*TASK OBJECTIVE*: Beginning at the line containing "FreeCAD is totally", repeat each line below exactly up to and including the line containing "Another condition is". Do not repeat the pictures.

*PROVIDED ENTRIES*:
****************

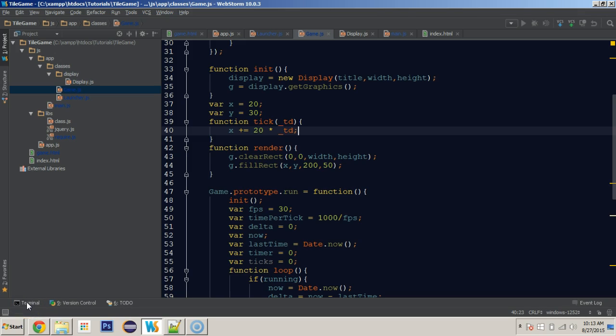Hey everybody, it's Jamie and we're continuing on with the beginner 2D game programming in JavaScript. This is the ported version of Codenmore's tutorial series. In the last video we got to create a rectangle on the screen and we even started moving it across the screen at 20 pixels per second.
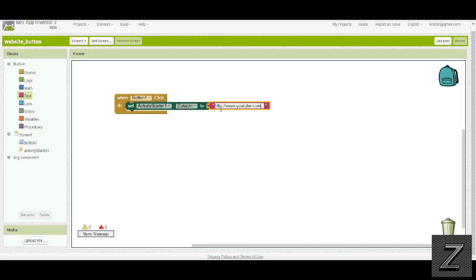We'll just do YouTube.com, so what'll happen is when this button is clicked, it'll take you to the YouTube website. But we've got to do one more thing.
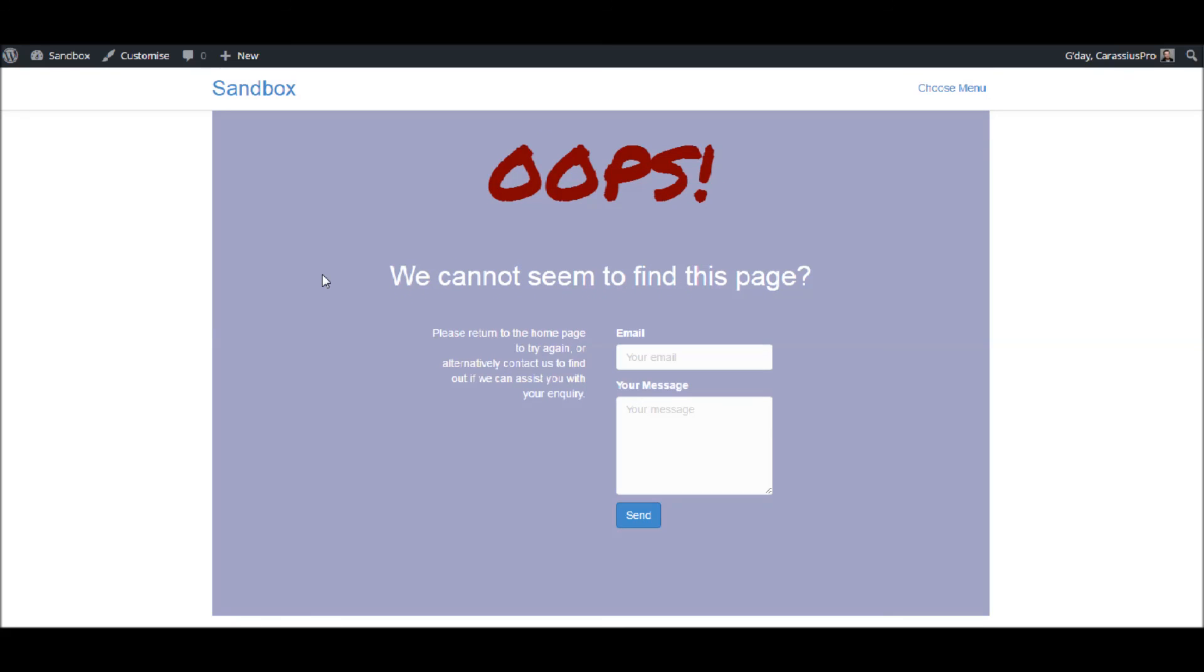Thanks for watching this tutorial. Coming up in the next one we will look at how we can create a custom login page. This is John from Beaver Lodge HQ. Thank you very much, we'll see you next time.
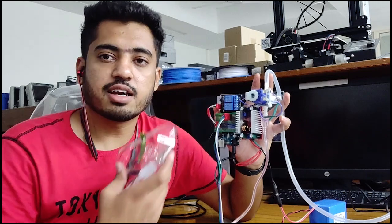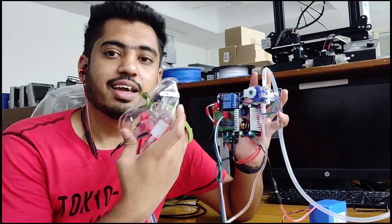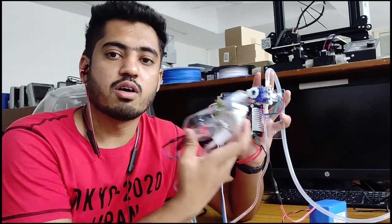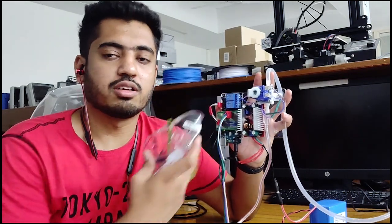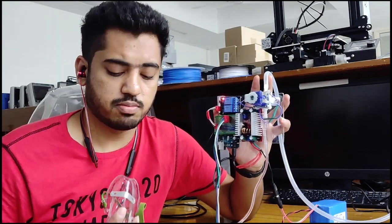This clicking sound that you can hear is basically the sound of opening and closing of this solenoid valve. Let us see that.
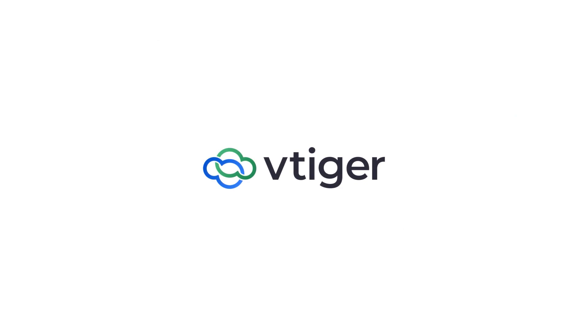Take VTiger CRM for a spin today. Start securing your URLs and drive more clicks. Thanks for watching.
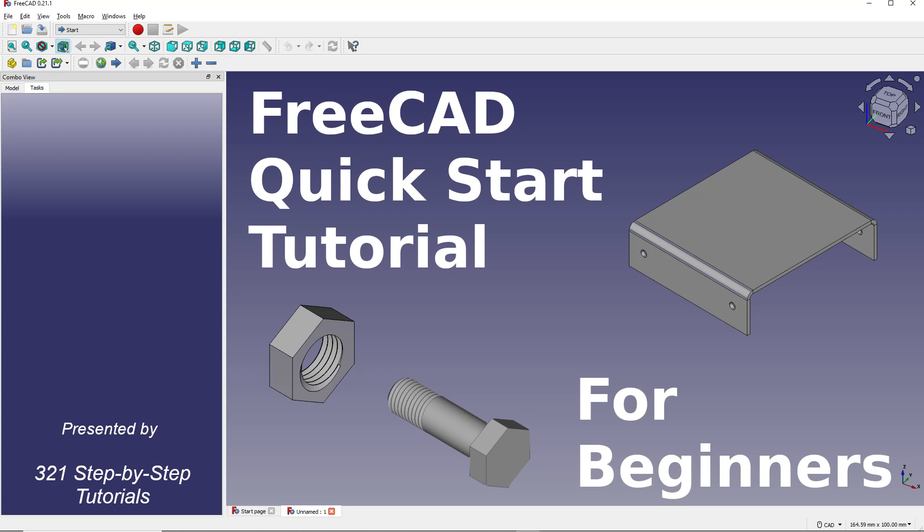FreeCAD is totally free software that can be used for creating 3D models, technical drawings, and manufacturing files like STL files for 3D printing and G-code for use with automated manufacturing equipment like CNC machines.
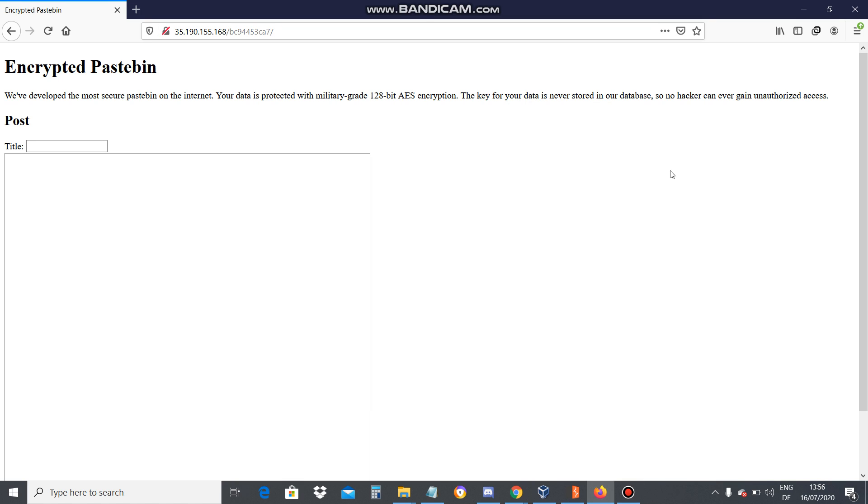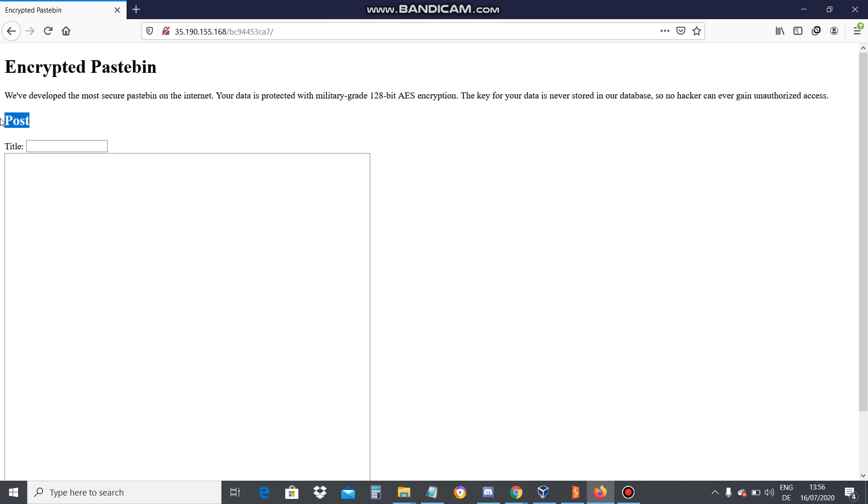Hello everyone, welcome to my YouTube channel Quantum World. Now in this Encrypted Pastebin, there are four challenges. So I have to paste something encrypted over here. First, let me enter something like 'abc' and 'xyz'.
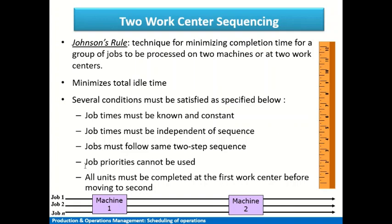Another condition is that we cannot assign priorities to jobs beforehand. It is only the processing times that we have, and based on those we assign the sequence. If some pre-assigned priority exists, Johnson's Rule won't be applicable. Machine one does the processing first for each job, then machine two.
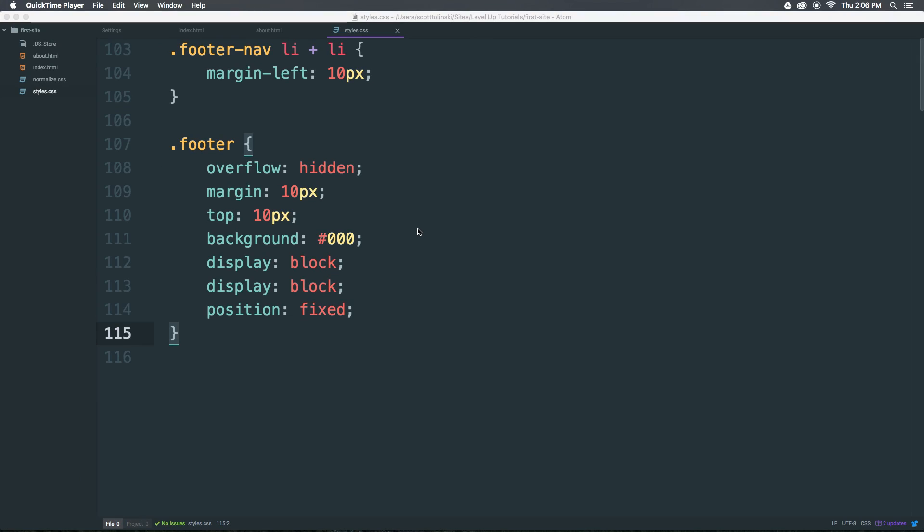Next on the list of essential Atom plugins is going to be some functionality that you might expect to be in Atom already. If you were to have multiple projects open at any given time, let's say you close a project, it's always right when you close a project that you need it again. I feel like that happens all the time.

****************

*SOLUTION FOR THIS TASK*:
FreeCAD is totally free software that can be used for creating 3D models, technical drawings, and manufacturing files like STL files for 3D printing and G-code for use with automated manufacturing equipment like CNC machines.
Hello everyone, welcome to my YouTube channel Quantum World. Now in this Encrypted Pastebin, there are four challenges. So I have to paste something encrypted over here. First, let me enter something like 'abc' and 'xyz'.
Another condition is that we cannot assign priorities to jobs beforehand. It is only the processing times that we have, and based on those we assign the sequence. If some pre-assigned priority exists, Johnson's Rule won't be applicable. Machine one does the processing first for each job, then machine two.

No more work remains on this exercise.